Work instructions :: The expected output is the line with "Santa with‎ Birdhouse" followed by every remaining line of the entries, all repeated exactly.

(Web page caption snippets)
—————

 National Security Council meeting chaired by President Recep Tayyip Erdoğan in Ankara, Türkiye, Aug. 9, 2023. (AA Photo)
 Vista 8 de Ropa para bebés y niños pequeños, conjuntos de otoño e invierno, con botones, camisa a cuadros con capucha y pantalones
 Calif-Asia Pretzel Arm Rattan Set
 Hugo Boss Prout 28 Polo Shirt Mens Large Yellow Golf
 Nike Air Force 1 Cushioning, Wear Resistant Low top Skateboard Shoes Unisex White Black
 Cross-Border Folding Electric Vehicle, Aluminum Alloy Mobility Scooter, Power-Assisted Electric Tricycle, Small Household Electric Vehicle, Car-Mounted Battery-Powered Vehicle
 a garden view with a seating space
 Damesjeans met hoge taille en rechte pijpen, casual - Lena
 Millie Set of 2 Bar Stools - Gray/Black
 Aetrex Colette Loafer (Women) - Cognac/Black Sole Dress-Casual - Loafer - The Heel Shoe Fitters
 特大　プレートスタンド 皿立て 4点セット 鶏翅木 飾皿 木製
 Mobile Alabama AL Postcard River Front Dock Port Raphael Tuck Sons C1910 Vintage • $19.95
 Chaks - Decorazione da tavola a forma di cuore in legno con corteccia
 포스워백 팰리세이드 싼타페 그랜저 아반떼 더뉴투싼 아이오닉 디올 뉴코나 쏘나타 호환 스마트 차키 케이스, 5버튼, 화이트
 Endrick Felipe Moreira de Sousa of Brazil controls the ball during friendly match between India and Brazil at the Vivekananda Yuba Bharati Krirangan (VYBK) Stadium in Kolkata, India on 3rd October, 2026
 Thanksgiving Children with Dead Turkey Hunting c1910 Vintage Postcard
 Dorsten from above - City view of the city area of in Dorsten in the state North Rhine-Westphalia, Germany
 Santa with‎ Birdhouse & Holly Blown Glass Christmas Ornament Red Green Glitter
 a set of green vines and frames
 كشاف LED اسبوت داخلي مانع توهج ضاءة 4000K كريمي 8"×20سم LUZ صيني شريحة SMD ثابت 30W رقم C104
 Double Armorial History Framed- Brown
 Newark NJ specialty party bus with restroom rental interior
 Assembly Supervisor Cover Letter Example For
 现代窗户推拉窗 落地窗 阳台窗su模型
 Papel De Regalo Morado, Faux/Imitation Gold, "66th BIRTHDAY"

—————

Response to this task ::
 Santa with‎ Birdhouse & Holly Blown Glass Christmas Ornament Red Green Glitter
 a set of green vines and frames
 كشاف LED اسبوت داخلي مانع توهج ضاءة 4000K كريمي 8"×20سم LUZ صيني شريحة SMD ثابت 30W رقم C104
 Double Armorial History Framed- Brown
 Newark NJ specialty party bus with restroom rental interior
 Assembly Supervisor Cover Letter Example For
 现代窗户推拉窗 落地窗 阳台窗su模型
 Papel De Regalo Morado, Faux/Imitation Gold, "66th BIRTHDAY"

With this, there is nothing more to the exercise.